Слишком влиятельных лордов во времена Елизаветы тоже было немного. После того как в июне 1572 года за государственную измену (участие в заговоре Ридольфи) казнили католика герцога Норфолка, больше в Англии герцогов не осталось. Как и ее дед, Генрих VII, Елизавета не выдавала новых графских, маркизских и виконтских титулов, да и баронских выдала очень мало. Причина проста – она хотела ограничить власть подданных, укрепив таким образом собственную. Даже епископы, в старые времена составлявшие серьезную оппозицию королям, тоже лишились политической силы. Они больше не служат католической церкви, независимой от английского короля, – теперь они подчиняются монарху, верховному главе церкви Англии. Вместо того чтобы бросать вызов королеве, им приходится проповедовать «доктрину божественного принца» – или, в данном случае, божественной принцессы. Таким образом, в елизаветинской Англии уже нет ни личных армий, ни герцогов королевской крови, ни епископов-политиков. Тем, кто замышляет восстание против Елизаветы, просто не к кому обратиться с просьбой возглавить их.

Тщательно проводимая Елизаветой политика приводит к определенному дефициту аристократов в Англии. После казни герцога Норфолка самым высоким титулом в знатной иерархии стал маркизский. Маркизов никогда не было много: в 1600 году остался всего один (маркиз Винчестер), плюс еще вдовствующая маркиза (супруга последнего маркиза Нортгемптона, Вильяма Парра, умершего в 1571 году).
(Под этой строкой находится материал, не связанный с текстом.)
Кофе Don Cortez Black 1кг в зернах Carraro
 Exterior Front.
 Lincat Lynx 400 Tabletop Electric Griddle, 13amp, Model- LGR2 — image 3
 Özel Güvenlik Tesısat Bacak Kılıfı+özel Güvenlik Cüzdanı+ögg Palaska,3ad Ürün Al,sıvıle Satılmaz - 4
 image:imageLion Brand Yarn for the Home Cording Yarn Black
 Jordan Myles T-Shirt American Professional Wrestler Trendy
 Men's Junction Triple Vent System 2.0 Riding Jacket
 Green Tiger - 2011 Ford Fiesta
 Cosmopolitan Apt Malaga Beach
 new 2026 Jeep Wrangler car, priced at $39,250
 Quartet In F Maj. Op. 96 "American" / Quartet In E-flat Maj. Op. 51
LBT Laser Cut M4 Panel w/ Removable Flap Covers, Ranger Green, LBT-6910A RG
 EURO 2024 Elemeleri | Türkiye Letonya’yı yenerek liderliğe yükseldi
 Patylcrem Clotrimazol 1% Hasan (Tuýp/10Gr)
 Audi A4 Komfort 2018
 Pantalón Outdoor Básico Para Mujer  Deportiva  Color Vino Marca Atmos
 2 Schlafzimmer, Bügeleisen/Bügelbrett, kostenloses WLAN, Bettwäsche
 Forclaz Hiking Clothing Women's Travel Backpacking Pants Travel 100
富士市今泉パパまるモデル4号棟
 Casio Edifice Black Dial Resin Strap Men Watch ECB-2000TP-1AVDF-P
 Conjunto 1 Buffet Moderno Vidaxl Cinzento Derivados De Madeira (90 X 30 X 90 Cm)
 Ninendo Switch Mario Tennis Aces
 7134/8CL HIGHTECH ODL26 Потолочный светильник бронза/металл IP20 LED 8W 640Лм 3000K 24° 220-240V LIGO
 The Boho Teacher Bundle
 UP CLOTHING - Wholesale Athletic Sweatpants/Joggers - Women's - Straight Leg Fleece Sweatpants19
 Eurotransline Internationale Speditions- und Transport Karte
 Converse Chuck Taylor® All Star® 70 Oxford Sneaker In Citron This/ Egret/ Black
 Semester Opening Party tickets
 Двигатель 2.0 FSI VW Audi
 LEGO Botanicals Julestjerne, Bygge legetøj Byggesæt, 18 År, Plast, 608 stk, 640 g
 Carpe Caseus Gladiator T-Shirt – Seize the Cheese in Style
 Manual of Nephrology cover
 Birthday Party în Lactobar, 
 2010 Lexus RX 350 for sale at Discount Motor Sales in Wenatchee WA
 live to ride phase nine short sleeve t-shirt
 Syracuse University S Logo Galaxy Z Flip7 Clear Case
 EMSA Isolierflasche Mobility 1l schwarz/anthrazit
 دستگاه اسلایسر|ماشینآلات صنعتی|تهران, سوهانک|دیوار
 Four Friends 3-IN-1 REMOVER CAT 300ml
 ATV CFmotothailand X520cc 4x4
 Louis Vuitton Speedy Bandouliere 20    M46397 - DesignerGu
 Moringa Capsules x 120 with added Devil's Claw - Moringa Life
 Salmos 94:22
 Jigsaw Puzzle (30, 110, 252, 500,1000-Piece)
Третий по значимости титул – графский; в 1600 году их было 18[26]. Затем идут два виконта – лорд Монтегю и лорд Еовард из Биндона[27]. Самый низкий титул – баронский: всего в Англии 37 баронов[28]. Всего в заседаниях парламента в начале правления Елизаветы принимают участие 57 пэров, а в конце – 55 (несовершеннолетние наследники не могут заседать в парламенте). Всех вместе их называют пэрами королевства, но считать, что все они равны (слово «реет» означает еще и «ровня»), ни в коем случае не стоит. Даже среди обладателей одинаковых титулов существует своя иерархия: «старые» титулы имеют больший вес, чем новые. В богатстве тоже немалый разброс: лишь у двух лордов доходы превышают 10 тысяч фунтов в год; у большинства доходы выше 800, но у некоторых – всего 300 фунтов. По оценкам Томаса Вильсона, средний доход графов и маркизов – 5 тысяч фунтов в год, а баронов и виконтов – около 3 тысяч в год. Как вы увидите, сама идея «равенства» в представлении елизаветинских англичан относится только к людям, которые будут стоять пред лицом Бога на Страшном суде. Здесь, на Земле, равенства не существует.

Доходы не равняются покупательной способности – особенно если вы принадлежите к высшему сословию и можете брать деньги в долг. Возьмем, например, молодого Генри Перси, девятого графа Нортумберленда. Его отец, восьмой граф, в 1582 году имел неплохой годовой доход (4595 фунтов), но после его смерти в 1585 году большую часть состояния отдали вдовствующей графине, оставив молодому Генри «всего» 3363 фунта. Проблема в том, что потратил Генри вдвое больше. По его же собственным словам: «Соколы, охотничьи собаки, лошади, кости, карты, одежда, любовницы; траты, последовавшие за всем этим, оказались столь необузданными, что я перестал понимать, где нахожусь и что делаю, пока не обнаружил, что вместо 3 тысяч фунтов годового дохода я за полтора года влез в долги на 15 тысяч». К счастью для Генри, одна из привилегий аристократа заключается в том, что его нельзя посадить в тюрьму за долги, так что хотя бы из-за этого ему беспокоиться не нужно. Среди других привилегий – право быть судимым пэрами, очень низкие налоги и свобода от пыток. Впрочем, несмотря на все вышесказанное, на троне сидит Елизавета, так что полностью полагаться на эти привилегии не стоит. Королева не похожа на своего тирана-отца, Генриха VIII, который не отдавал лордов под суд пэров, а просто казнил их по совокупности преступлений; тем не менее, очень немногие суды рискуют идти против королевского гнева. Некоторые пэры годами сидят в Тауэре, прежде чем их наконец отдадут под суд.